Día 15. Según mi madre, mi abuelo describía a su señora como “luz de la calle, oscuridad de la casa”. Seguro que le hubiera encantado ser la Ginger Rogers del Cheek to Cheek: un salón de baile, un atuendo lleno de frus frus y un hombre apuesto del brazo. Yo siempre la conocí viuda, así que esa parte solo puedo imaginármela: ella, estupenda, dando vueltas y más vueltas en el Gabinete Literario, del brazo, eso sí, de un hombre bastante más mayor, que hacía lo que podía para satisfacer sus gustos. Pero doy fe de que, aún a sus 90 y tantos años, cuando traspasaba la cancela de su casa, otra luz brillaba en sus ojos, como diciendo: allá voy.
Mi abuela era de esas mujeres que, saliera el sol por donde saliera, o aunque no pisara la calle (como no lo hacemos nosotros ahora), siempre estaba impecable, con los labios pintados, preparada para una posible visita. “Niña, haz un té”, me decía mientras se atusaba los pelos para lucir bien en su terraza con la prima o sobrina de turno. Había que sacar la vajilla, el mantel y la cubertería apropiada para cada caso, y en un pis pas surgían de su cocina manjares variados –el quequi de caramelo, los sándwiches de tomate y los buñuelos de plátano estaban entre mis favoritos- que preparaba para su deleite y, ya que estábamos, el nuestro.
Si doña Ena, mi abuela, levantara hoy la cabeza, seguramente haría un leve gesto que denotaría su falta de aprobación con mi atuendo de cuarentena: camisa sin planchar, pantalón de estar por casa y ausencia de calzado. Digamos que, si levantara la cabeza o pudiera verme desde algún lugar allá en el cielo, igual tendría ganas de esconderla por un rato para no ver los pelos largos sin control, las canas campando por sus anchas (aunque este punto no es negociable). O directamente se daría la vuelta si de pronto, como me ocurre a mí cuando dan las siete de la tarde, se encontrara con los vecinos de aquí y allá con sus respectivas pintas, no más glamurosas que las mías.
Ella, doña Ena, se pondría uno de sus trajes de flores de primavera que abundaban en su ropero, se repasaría los labios, se sentaría en una de esas butacas en las que te podían dan las horas sin hacer nada y esperaría, impasible. Aunque la procesión, digo yo, siempre iría por dentro.

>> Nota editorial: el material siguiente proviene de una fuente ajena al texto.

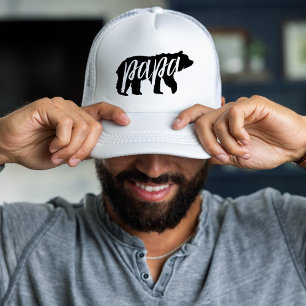 Black and White Papa Bear Trucker Hat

Por ponerme a imaginar, imagino que cerraría los ojos, emitiría un levísimo suspiro y evocaría esos tiempos en traje de gala, del brazo de su marido, girando y girando en el salón de baile.
(Esta vez el texto lo escribí a partir del tema elegido, como siempre, por Manolo Benítez. Me pidió algo de humor, pero es que esto tiene vida propia).